The third point, which species the Greek term refers to, is a nightmare for the translator, but at least one that Olson faced in the edition of Archestratus. I believe he is right in this case.

In many ways, Olson provides excellent reader support. Footnotes are never enough or on the right topic for all readers, as is clear even in the deluxe Italian edition edited by Canfora. In the section on breads (3.113c-d), Olson help us with Greek versions of Latin ‘materia’ ‘tracta’ and ‘fumosus’, not to mention Aramaic ‘lachma’ and Doric ‘Damater’. Olson brings out these details, which are germane for the Syrian symposiarch Ulpian who presumably knows Aramaic but apparently has difficulties with Latin. None of these were considered in need of comment in Gulick, and the Greekless reader simply passed them by. In this area of language, no doubt Olson will translate the obscene words of the courtesans in book thirteen into English rather than Latin, which was Gulick’s choice. Athenaeus is quite complicated enough without genteel obfuscation. Olson thinks that Aristarchus of Samothrace should appear in a footnote in this passage on breads, quite rightly, since he like the Deipnosophists is ‘immensely learned’ and a denizen of the library. Likewise we are given help to follow the banter of the Deipnosophists (vol. 2 pp. 38-9), and to remember who the speaker is. Thus Olson tells us most of book 5 is spoken by Masurius — Gulick did not. The speakers are often of key importance, as will be the case in book six where the Roman host Larensis is the speaker on the history of Roman slavery and Roman luxury. Prosopograhical references are also provided, at the beginning of book four, for example. We need help with historical as well as fictional characters, as indeed in the indexes, as I mentioned above.

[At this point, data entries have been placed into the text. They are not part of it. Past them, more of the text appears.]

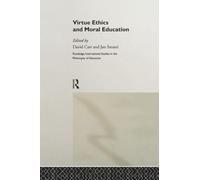 Virtue Ethics and Moral Education (Routledge International Studies in the Philosophy of Education)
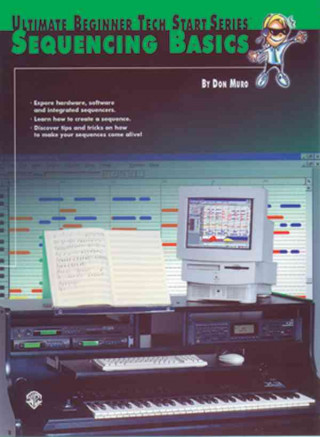 Knjiga Ultimate Beginner Tech Start: Sequencing Basics Don Muro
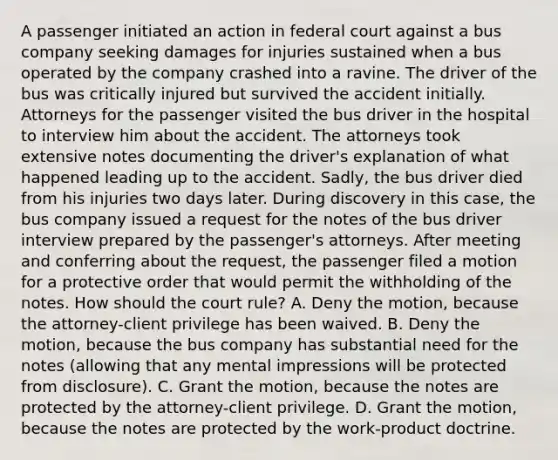 A passenger initiated an action in federal court against a bus company seeking damages for injuries sustained when a bus operated by the company crashed into a ravine. The driver of the bus was critically injured but survived the accident initially. Attorneys for the passenger visited the bus driver in the hospital to interview him about the accident. The attorneys took extensive notes documenting the driver's explanation of what happened leading up to the accident. Sadly, the bus driver died from his injuries two days later. During discovery in this case, the bus company issued a request for the notes of the bus driver interview prepared by the passenger's attorneys. After meeting and conferring about the request, the passenger filed a motion for a protective order that would permit the withholding of the notes. How should the court rule? A. Deny the motion, because the attorney-client privilege has been waived. B. Deny the motion, because the bus company has substantial need for the notes (allowing that any mental impressions will be protected from disclosure). C. Grant the motion, because the notes are protected by the attorney-client privilege. D. Grant the motion, because the notes are protected by the work-product doctrine.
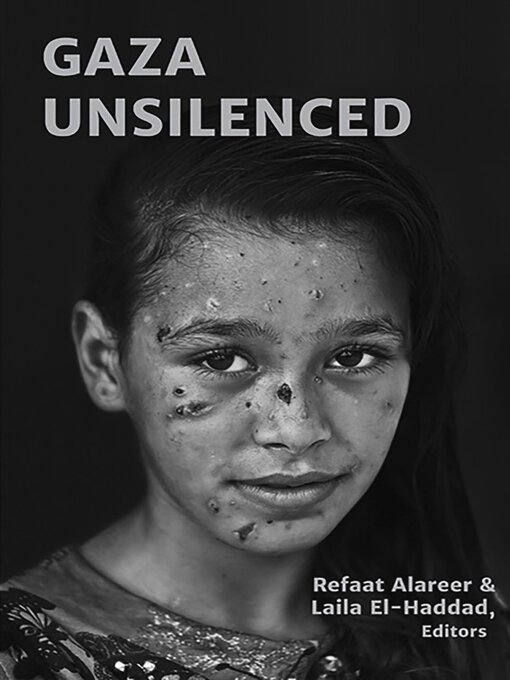 Title details for Gaza Unsilenced by Refaat Alareer - Available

In many ways Olson could not go wrong with this project. He is an able and very experienced translator who understands what the reader needs to aid understanding. His Archestratus is a model of clarity and good judgement. Updating Gulick and freeing the reader from the irritation of reference to Müller rather than Jacoby and Kock rather than Kassel-Austin is a big benefit in itself. I hope that in the next five volumes Olson will continue to reflect on his readers’ needs since the readers of this particular text are, all of us, extraordinarily needy. Gulick’s indexes are slimmer in some volumes than others. I hope Olson’s will expand, and tell us the genre and date (where known) of all authors.

Notes

1. D. Lenfant (ed) Athénée et les fragments d’historiens (Paris 2007).

2. D. Braund and J. Wilkins Athenaeus and his World (Exeter 2000).

3. A.J.Brock Galen: On the Natural Faculties (Cambridge Mass. 1916)

4. Introduction to L. Canfora (ed) Ateneo: I Deipnosofisti (Rome 2001) xi-cxvi.

5. La cultura storica di Ateneo (Milan 1989).